Clearly the definitions of the derivative traffic in first order concepts: tangent vectors can be thought of equivalence classes of curves agreeing up to first order; one characterization of the tangent space at $x \in M$ is the dual space to $I/I^2$, where $I$ is the ideal of $C^\infty$ functions that vanish at $x$, and so on. 
These definitions seem to be well-suited to a characterization of $Df$ as approximating $f$ up to first order at $x \in M$, but I am having trouble putting my finger on it and expressing it precisely. 
I know that when we're in $\mathbb{R}^n$ the "approximation" property of the derivative works very well because we can identify the tangent space at a given point with $\mathbb{R}^n$ itself. But what about in the more general setting? In what sense do we have "approximation up to first order" there? What is it exactly that's agreeing with $f$ up to $o(\|h\|)$?

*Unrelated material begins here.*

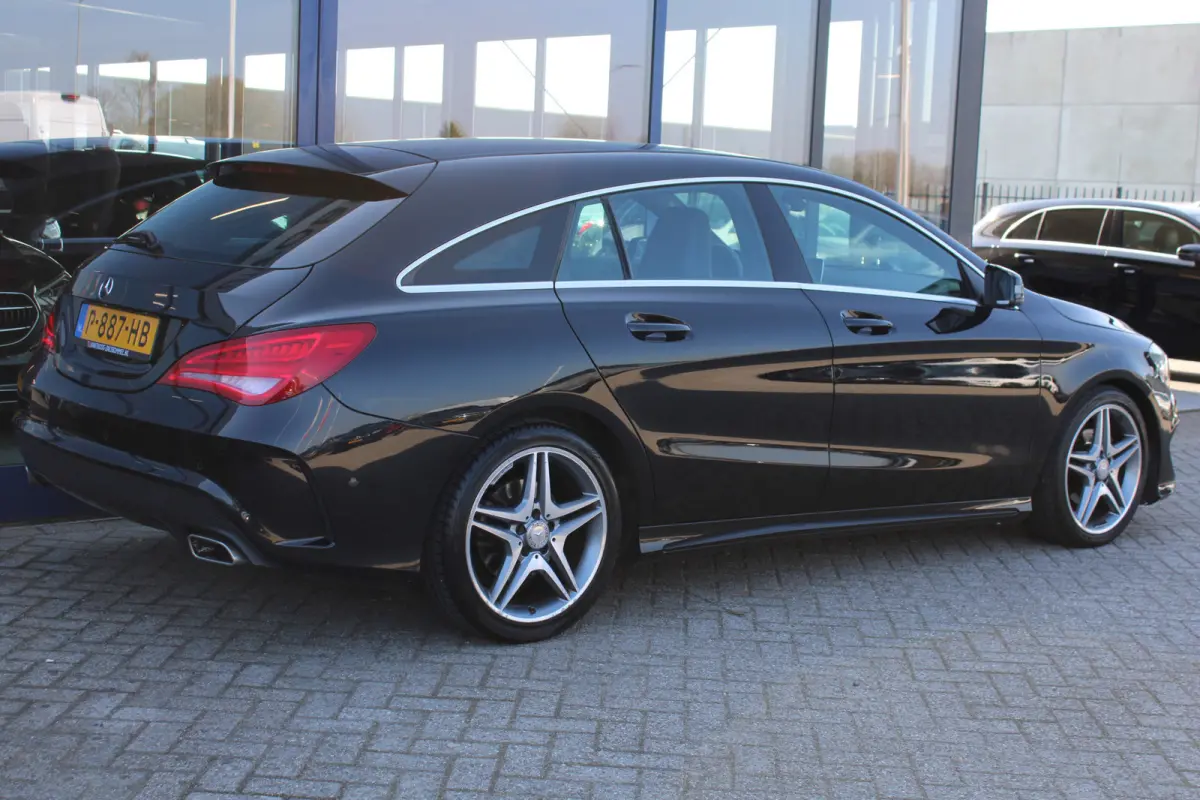 180 Ambition AMG LINE NAVI 18'' CARPLAY XENON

 A: One way to phrase this is in terms of Taylor's theorem for maps between Euclidean spaces, after some "chart-nonsense". Maybe you're looking for something not involving coordinates, in which case this answer may not be satisfying.
Let's say that $f: M^m \to N^n$ is a map between manifolds. Given a fixed "basepoint" $x \in M$, choose coordinate charts $(\phi, U)$, where $x \in U \subset M$, and $(\psi, V)$, where $f(x) \in V \subset N$. By this I mean that $\phi: U \to \phi(U) \subset \mathbb{R}^m$ and $\psi: V \to \psi(V) \subset \mathbb{R}^n$ are homeomorphisms to open sets in Euclidean spaces. For notation's sake, let $\tilde{f} = \psi \circ f \circ \phi^{-1}: \phi(U) \to \psi(V)$ be the map between Euclidean spaces corresponding to $f$ in our coordinates, and let $\tilde{x} = \phi(x) \in \phi(U) \subset{\mathbb{R}^m}$. 

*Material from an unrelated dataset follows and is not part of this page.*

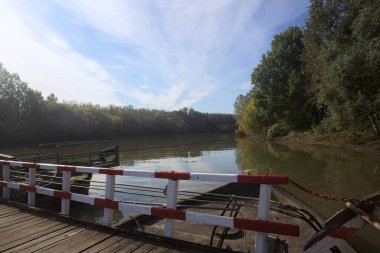 Güneşli bir günde, İtalya kırsalında ahşap platformlu ve raylı Pontoon Köprüsü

Taylor's theorem applied to $\tilde{f}$ says that
$$ \tilde{f}(\tilde{x} + h) = \tilde{f}(\tilde{x}) + D\tilde{f}_{\tilde{x}} \cdot h  + o(||h||).$$
Here $D\tilde{f}_{\tilde{x}}$ is the $n \times m$ matrix of partial derivatives of $\tilde{f}$ at $\tilde{x}$. We view $D\tilde{f}_{\tilde{x}}$ as a linear map $\mathbb{R}^m \to \mathbb{R}^n$.
$D\tilde{f}_{\tilde{x}}$ is precisely the matrix for $Df_x: T_x M \to T_{f(x)} N$ in our chosen coordinates, which give us bases for the tangent spaces $T_x M$ and  $T_{f(x)} N$.
Edit: If our manifolds are endowed with Riemannian metrics, then the exponential map gives us a canonical way to identify a neighborhood of the origin in the tangent space $T_x M$ with a neighborhood of $x \in M$ (and similarly for $N$). Then Euclidean coordinates on $T_x M$ give us geodesic normal coordinates on $M$, and the above discussion of course applies in those coordinates. Radial distances (i.e., distances to $x$) are preserved under the exponential map. Thus, with the notation from above, $||h||$ is precisely the distance from $x$ to $\phi(\tilde{x} + h) = \text{exp}_x(h)$, and you can think of "$o$" as being measured in terms of distances on $N$. In this setting one should think that we are approximating $f(y)$ (for $y$ near $x$) by $f(x)$ plus a first-order correction, which is given precisely by applying the derivative $Df_x$ to a tangent vector $h$ that measures the deviation of $y$ from $x$ (modulo translating via $\text{exp}_x$ and $\text{exp}_{f(x)}$ between the manifolds and the tangent spaces, where "plus" makes sense).